The only thing I remember, well the first thing that comes to mind I guess, about Mrs. Nichol’s sixth grade music class is the way she’d draw a circle on the blackboard and make me stand there with my nose in it for most of the period.  I mean who cared about Saint Saens, whole notes, or the fact that Anton Dvorak had actually been in Iowa?

  The only interesting thing I recall was listening to her describe her husband’s malaria.  He’d been in the Navy during WWII.  I never’d heard of anything you couldn’t shake. Anyway, I didn’t like music, the circle didn’t work, and I became intimately familiar with every corner of the principal’s office. 
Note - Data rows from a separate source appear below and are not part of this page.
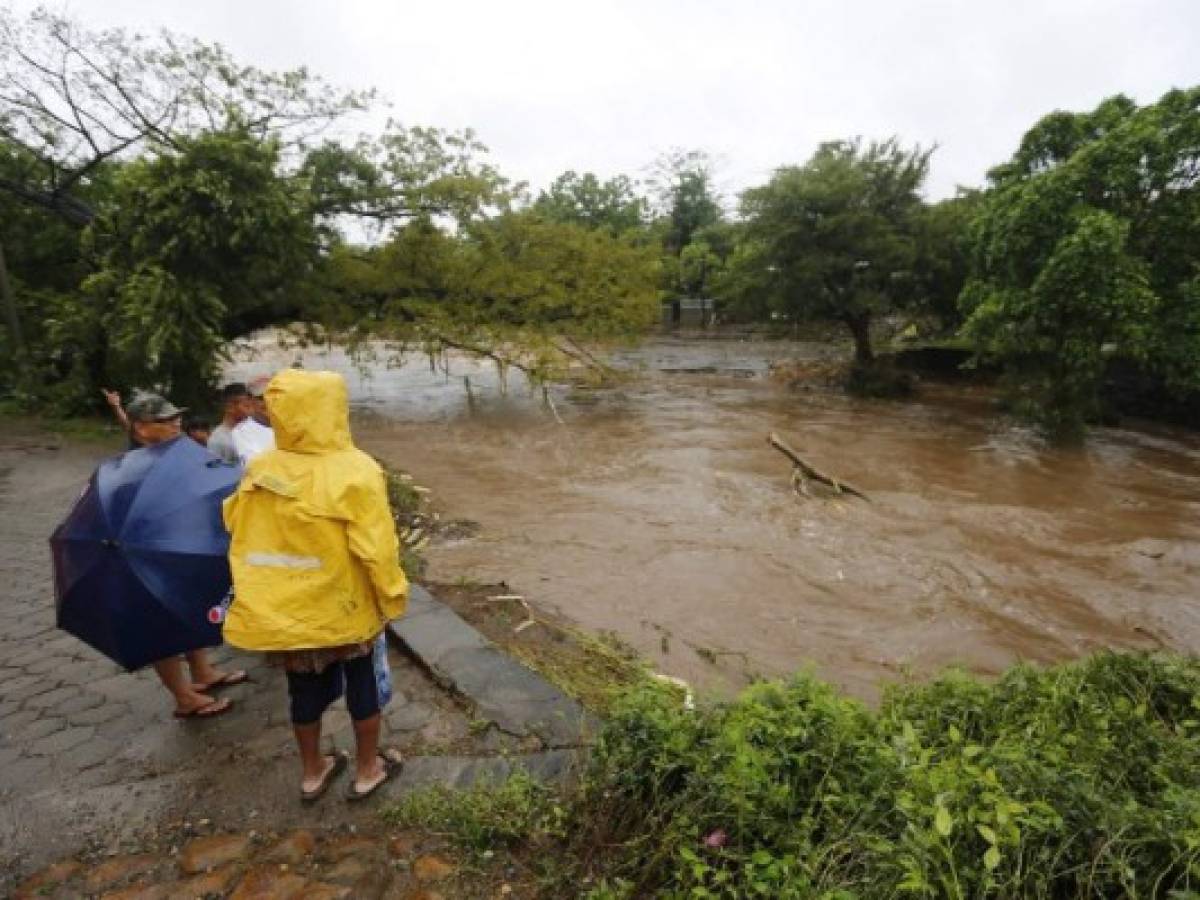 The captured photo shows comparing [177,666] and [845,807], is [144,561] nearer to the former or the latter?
[177,666]

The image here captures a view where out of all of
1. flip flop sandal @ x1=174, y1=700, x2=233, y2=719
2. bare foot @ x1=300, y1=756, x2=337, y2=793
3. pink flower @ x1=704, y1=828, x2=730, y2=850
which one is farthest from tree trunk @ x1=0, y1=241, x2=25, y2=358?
pink flower @ x1=704, y1=828, x2=730, y2=850

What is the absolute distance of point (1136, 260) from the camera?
40.6 feet

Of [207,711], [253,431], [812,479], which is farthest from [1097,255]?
A: [207,711]

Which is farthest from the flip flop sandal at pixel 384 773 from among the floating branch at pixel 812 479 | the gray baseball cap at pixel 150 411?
the floating branch at pixel 812 479

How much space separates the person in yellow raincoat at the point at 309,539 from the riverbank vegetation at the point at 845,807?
88 centimetres

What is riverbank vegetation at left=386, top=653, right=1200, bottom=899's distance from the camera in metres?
1.93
  The sounds of the sixties perked up my ears, but being a-political and an emotional nitwit nothing found more than passing resonance.  I began to wake up in college – I’m probably not alone in having had an epiphany in front of Disney’s Fantasia.  The Beethoven’s Sixth segment was to my mind what Kool-Aid was for the Dead. 

  All of a sudden I had an incredibly eclectic taste in music and an incipient thirst for understanding.  What is it?  It’s got to be more than epiphenomenal…  Everybody has at least a little rhythm.  Why is it so great to hear Gene Kelly “Singing in the Rain” by the produce at the grocery store when the mini-sprinklers go on?  Wasn’t that a wonderful movie?  Can’t you just see him twirling about the lamppost, drenched?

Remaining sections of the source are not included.